Forgive me for those times when I lost sight of my goals, the belief that You called me to be a teacher. Forgive me for those times when I stepped off the path, for those times when I didn't give it my all or my best. Forgive me when I listend to the doubts and fears that Satan whispered in my ears. Forgive me for disobedience.
I admit that I am scared now Lord. I heard Krista telling someone she got accepted into the education program and then I asked when she found this out. She said she heard back about a week after her interview. She had hers the same day that I did (and I know this because she asked when I had mine and said she had hers the same day). I haven't heard anything Lord, and I fear that this means I did not get accepted. Krista said she heard they were interviewing 20 people then choosing 5 from that group, then interview 20 more and pick 5 until they are done.
I am trying to leave this in your hands, trying not to worry about it, but it doesn't seem to be working - I keep taking it back. I am so afraid that I did not get in. I am afraid now of having to tell people that I did not get in (especially all those who said they 'know' I'll get in and I won't have any problems getting in, etc.). That is my pride talking, I know. Forgive me for my pride Lord, and help me not to let it get in the way.
I am also scared because if I don't get in now, what then? What will I do? Sure, I can apply next year but it is so hard to go back after you have been away that long; trust me, I know because I was out of school for about 14 years. I really don't want to have to work at my old job again.
Student loans also worry me, because come November, I will have to start paying it back if I'm not in school. Once I start paying back, I don't know if they stop it once I start going back again to school or if it is something I will have to pay even then...

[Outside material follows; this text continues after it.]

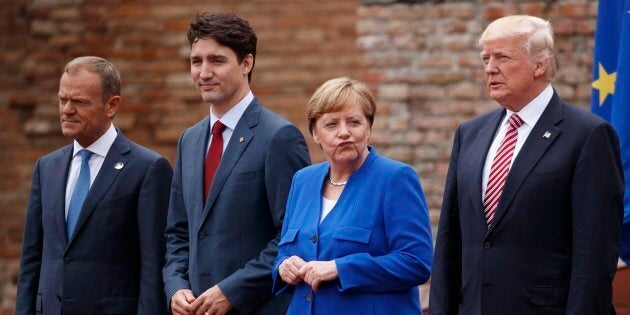 Leaders of the G7, from left, European Council President Donald Tusk, Prime Minister Justin Trudeau, German Chancellor Angela Merkel, and President Donald Trump pose for a family photo at the Ancient Greek Theater of Taormina on May 26, 2017, in Taormina, Italy.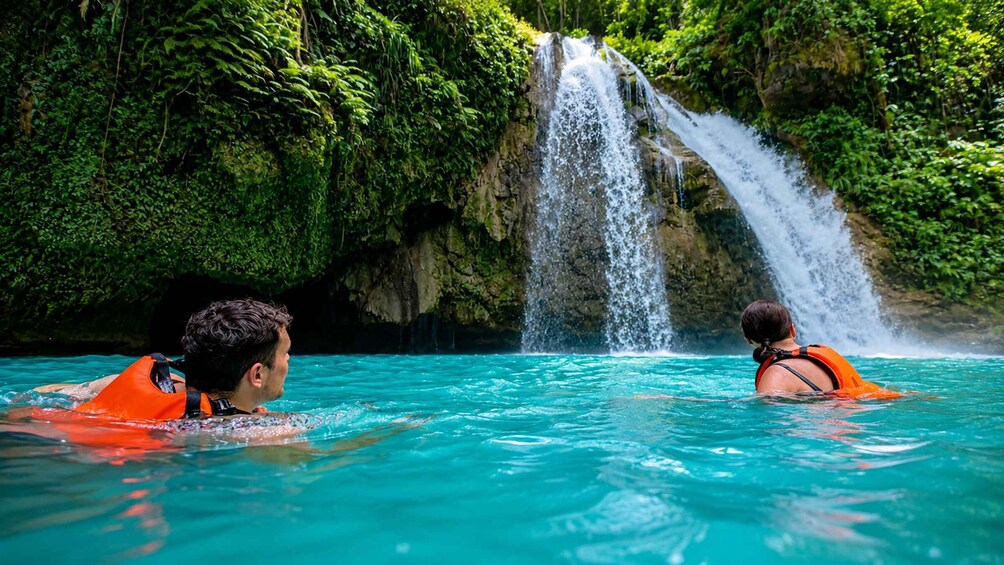 Two people in a clear blue pool with a waterfall in the background. 2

Father, I am starting to get really upset about this - probably because I am dwelling on it too much. At any rate Lord, help me to just hold Your hand and trust You. Take away my fear, (I know that isn't from you) and all the negative emotions and feelings I am experiencing. I think part of what is making me feel this way is because I told everyone that I'm doing this because I felt that you called me to do this, and if it doesn't happen then they'll think I was wrong or something. But, I guess that is pride too, isn't it?
So, Lord, forgive my sins and remove my fears and doubts. Help me to walk on the path that You have chosen for me. Help me to feel your presence and know that I am not a failure if I don't get in. I pray that you will give me wisdom to know how to handle this situation, and to listen to what You want me to do. I love You.